▶ _EXERCISE REQUIREMENTS_: Take the lines below from the one with "INS Anime girl" through the one with "Flight route Coastguard" and retype them exactly. Include nothing else, and no pictures.

Start of STUDY MATERIAL

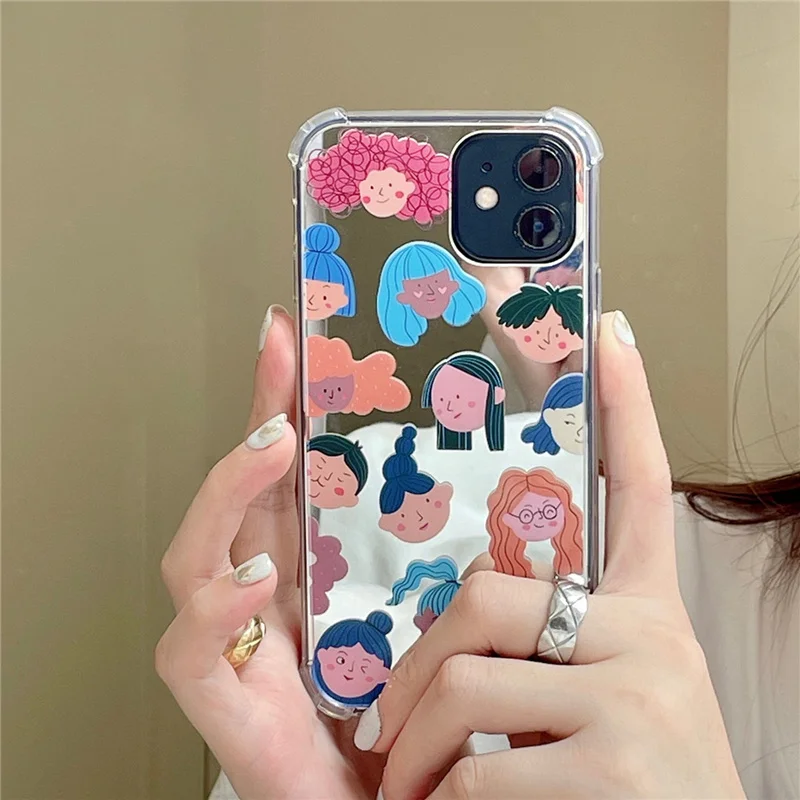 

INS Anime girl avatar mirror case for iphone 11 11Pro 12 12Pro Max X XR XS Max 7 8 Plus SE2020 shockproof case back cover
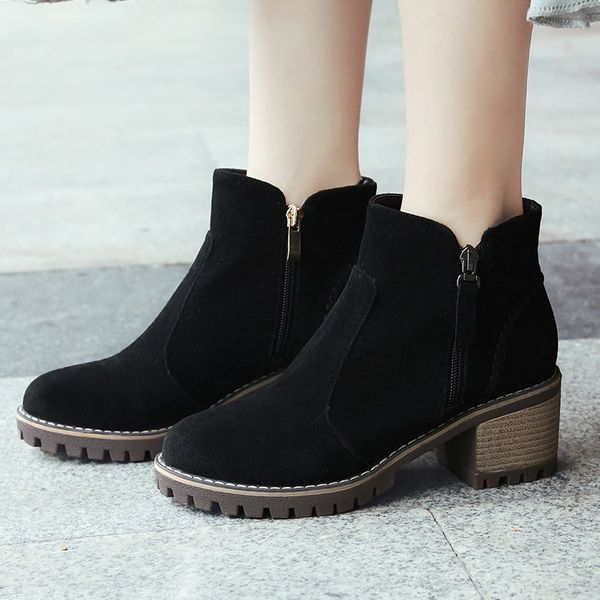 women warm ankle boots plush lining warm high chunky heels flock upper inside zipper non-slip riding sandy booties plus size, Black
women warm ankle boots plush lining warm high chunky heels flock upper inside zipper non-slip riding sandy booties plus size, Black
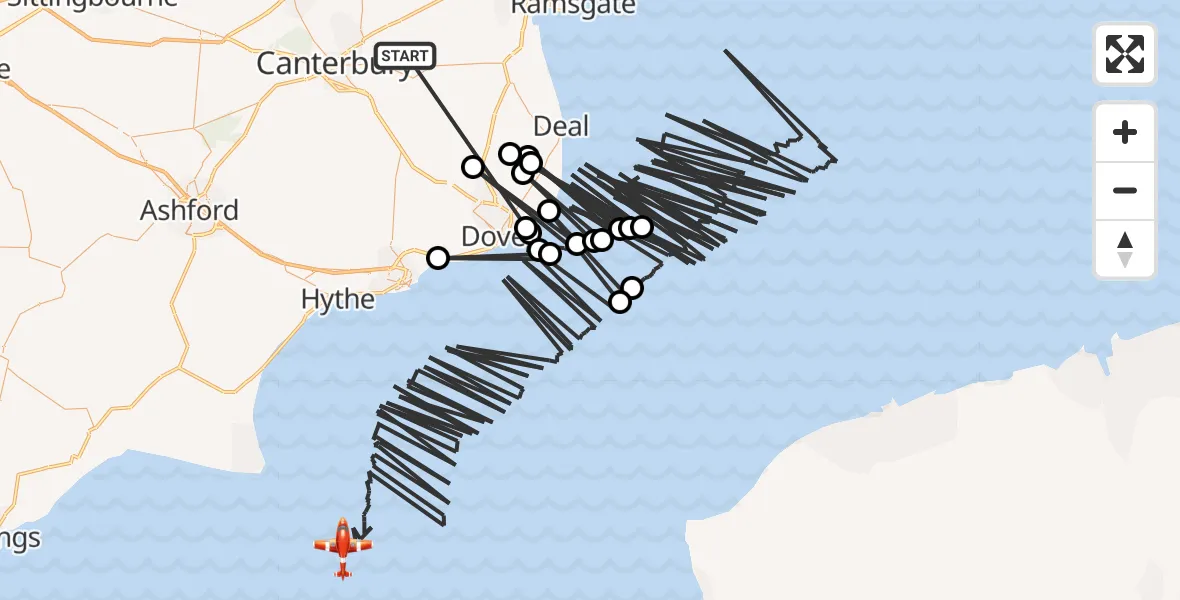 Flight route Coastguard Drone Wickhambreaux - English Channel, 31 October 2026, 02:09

End of STUDY MATERIAL
Start of STUDY MATERIAL

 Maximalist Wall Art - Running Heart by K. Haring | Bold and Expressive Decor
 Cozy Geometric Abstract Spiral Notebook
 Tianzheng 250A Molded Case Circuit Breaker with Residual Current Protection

End of STUDY MATERIAL
Start of STUDY MATERIAL

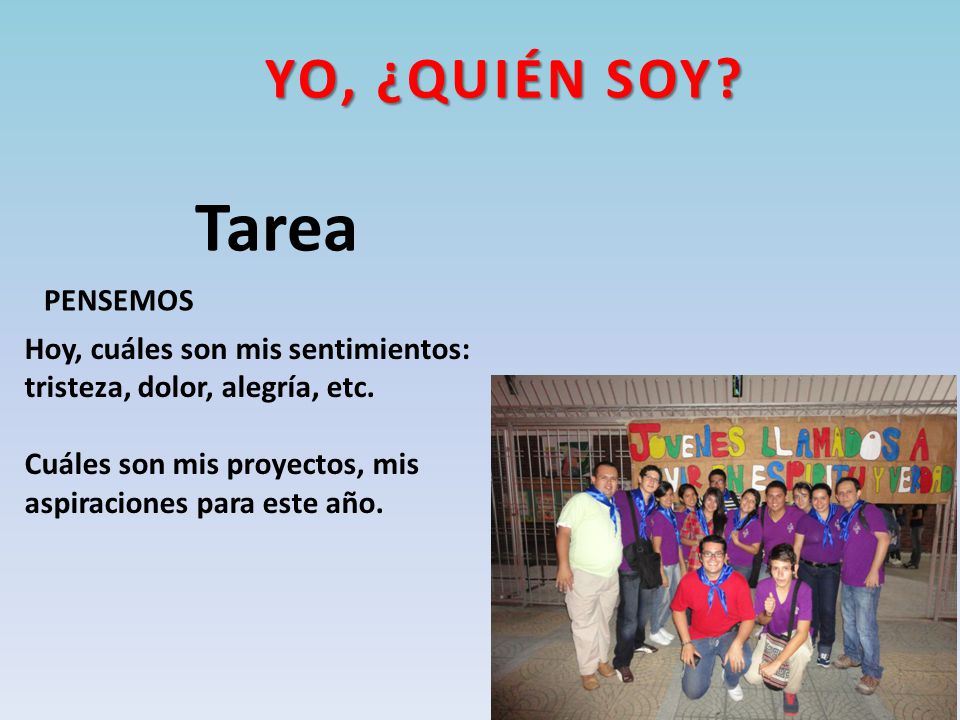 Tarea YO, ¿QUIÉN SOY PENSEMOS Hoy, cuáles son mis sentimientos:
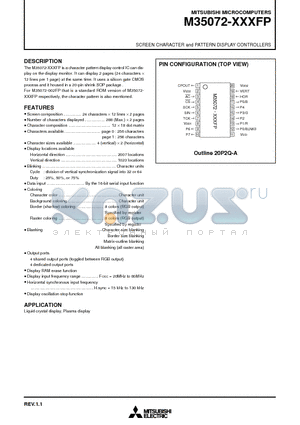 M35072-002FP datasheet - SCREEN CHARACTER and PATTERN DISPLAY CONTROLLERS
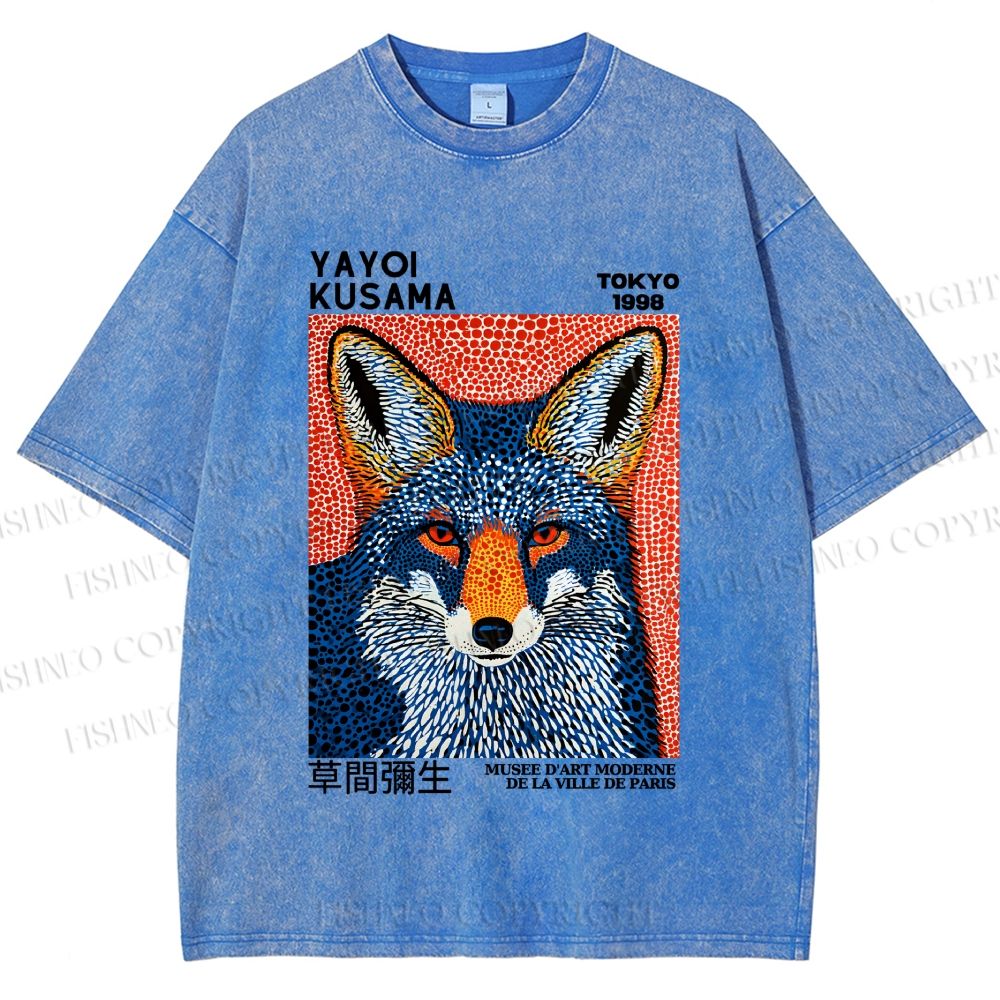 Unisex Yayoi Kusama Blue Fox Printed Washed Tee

End of STUDY MATERIAL

▶ _THE COMPLETED TASK_:
INS Anime girl avatar mirror case for iphone 11 11Pro 12 12Pro Max X XR XS Max 7 8 Plus SE2020 shockproof case back cover
 women warm ankle boots plush lining warm high chunky heels flock upper inside zipper non-slip riding sandy booties plus size, Black
women warm ankle boots plush lining warm high chunky heels flock upper inside zipper non-slip riding sandy booties plus size, Black
 Flight route Coastguard Drone Wickhambreaux - English Channel, 31 October 2026, 02:09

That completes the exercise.